LEBEN DOUBLES DOWN AND COMES UP WITH BLACKJACK
Everybody knows that Chris Leben is a fighter’s fighter. A lot of guys talk about their willingness to fight anyone, anytime, anywhere. Leben is one of only a select few who truly lives by that mantra.
After an up-and-down four years that saw the former Team Quest star lose more fights than he won, Leben gave his career a much needed shot of adrenaline when he scored a dramatic second-round technical knockout win over star prospect Aaron Simpson at the TUF11 Finale. Nobody would have faulted him for taking a few weeks to enjoy that victory and then carefully mapping out the best way for him to leverage that victory in an effort to get himself into title contention.
Instead, Leben agreed to turn around and fight one of the best middleweights in the world just 14 days later. It was a risky move by anyone’s standard. A loss, particularly if it were one-sided, would all but erase the momentum created by the Simpson win. And a loss was a very real possibility.

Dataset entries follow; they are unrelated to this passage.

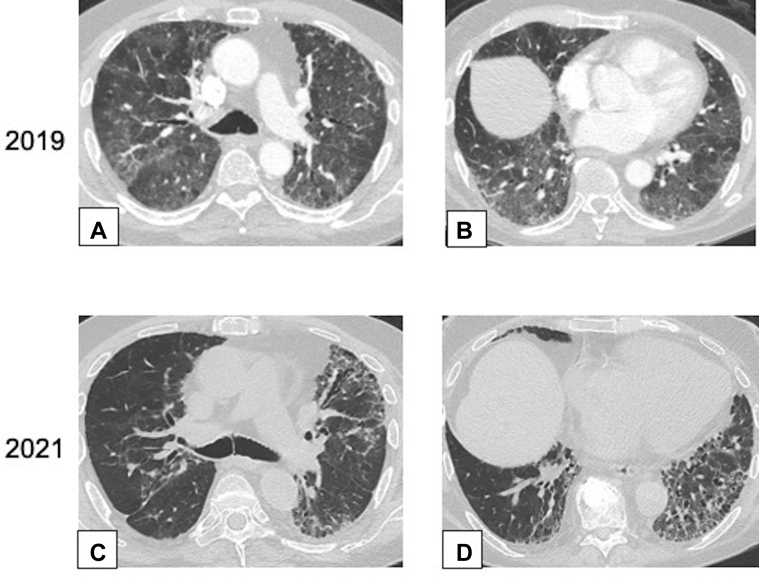 Figure 17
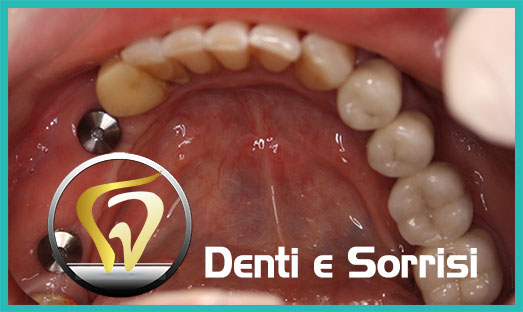 Dentista low cost Formia 19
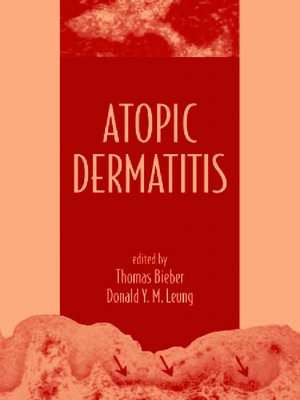 cover image of Atopic Dermatitis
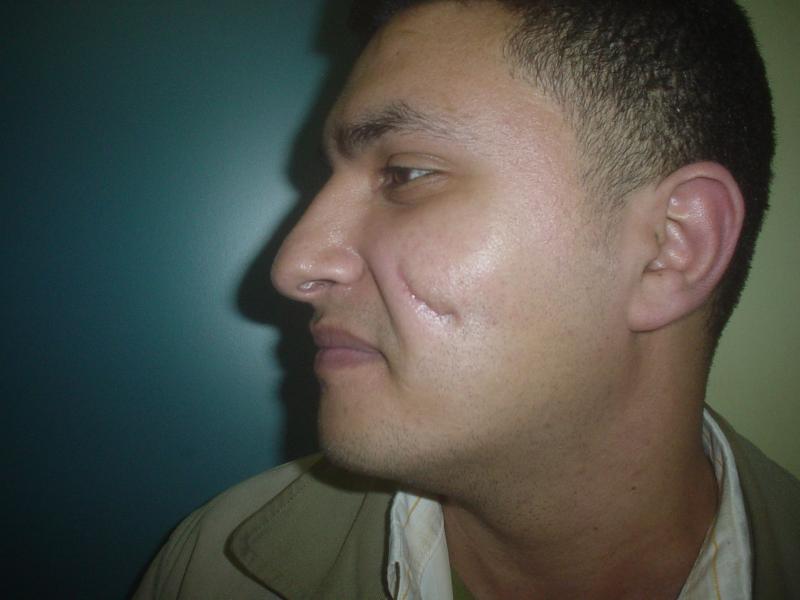 Best  Plastic Surgery Egypt, Scars, Stem Cells, Face surgery, Face lift, Keloid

The risks of fighting on such short turnaround were evident early in the first round. Leben appeared to tire faster than I recall from any of his past fights. That was to be expected. Despite the fact that he was in great shape for the Simpson fight, there needs to be some downtime to rest and recuperate from the long, arduous training camp before preparing to peak for another fight. Leben eschewed that downtime and returned to action without ever fully recovering from his previous training camp.
It was a massive gamble, but Leben made it pay off by maintaining constant, though calculated, pressure on Yoshihiro Akiyama throughout the fight, which ultimately led to the Japanese superstar running equally low on gas by the time the second round was in full swing. At that point, the fight was nothing more than a battle of wills, and I’ll take Leben every day of the week in those situations.

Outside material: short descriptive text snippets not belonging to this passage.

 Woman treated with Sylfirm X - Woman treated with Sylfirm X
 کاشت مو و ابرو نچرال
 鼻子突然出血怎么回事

By scoring an emphatic submission win over Akiyama, Leben not only dramatically padded his bank account (he took home a cool $161,000 for winning the fight and earning a $75,000 Fight of the Night bonus), he also instantly made himself relevant in the UFC title picture.

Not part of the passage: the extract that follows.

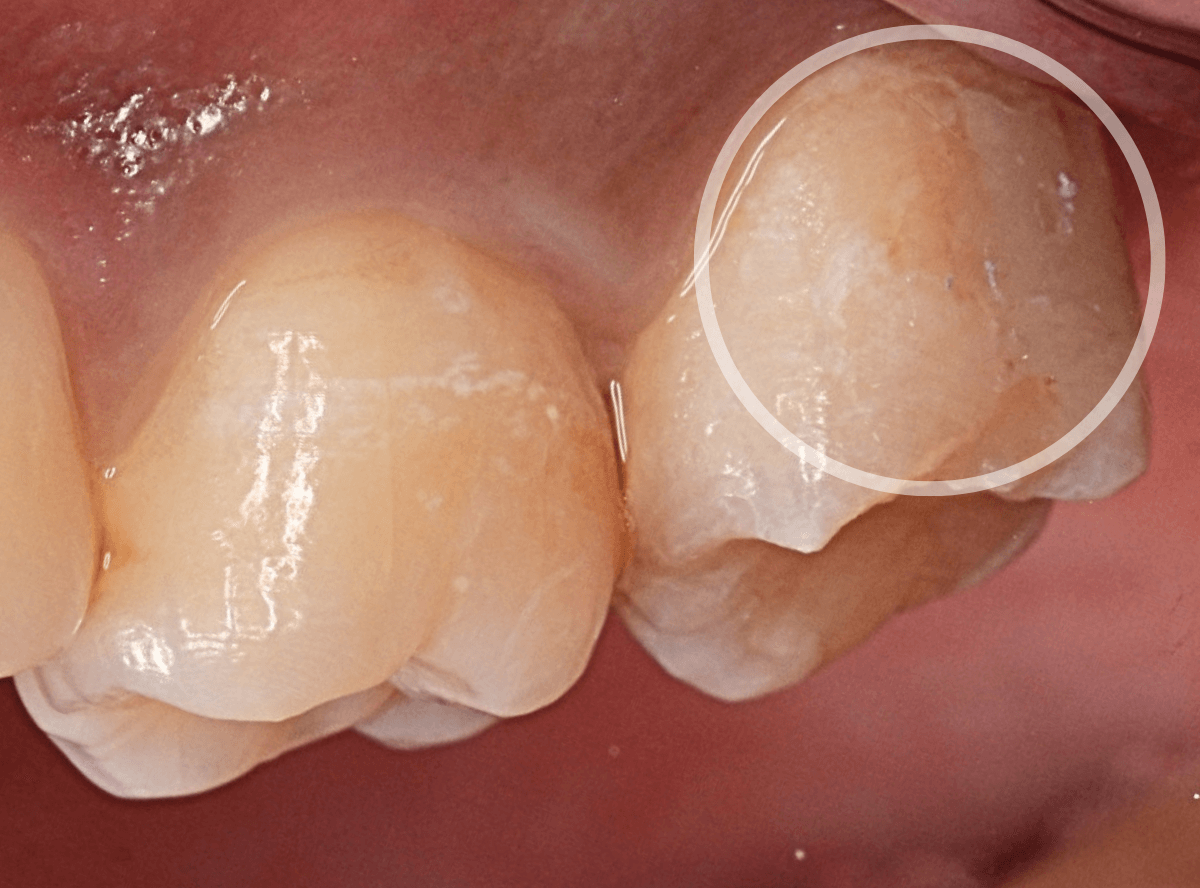 知覚過敏の画像2-2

COULD AKIYAMA CUT TO WELTERWEIGHT?
One of the things that I’ve noticed in each of Akiyama’s last few fights is that he did not appear to cut much weight the day of weigh-ins. That is obvious because his physique looks exactly the same on the scales as it does when he enters the Octagon the next day. It was also obvious to me because he appeared to be the much smaller man against both Leben and his previous UFC opponent, Alan Belcher.
Leben and Belcher are big middleweights, but they are by no means the biggest guys in the division. If Akiyama is giving up 10 to 15 lbs come fight time, he is going to have a tough time climbing the 185-lb ladder. There is such parity in the UFC that size and strength differentials are often enough to decide the outcome of a fight. Akiyama is a great fighter, but I don’t think it is the best game plan to constantly fight bigger guys.
I think Akiyama would be better served trying to cut down to welterweight, where he would, for the most part, be fighting guys his own size.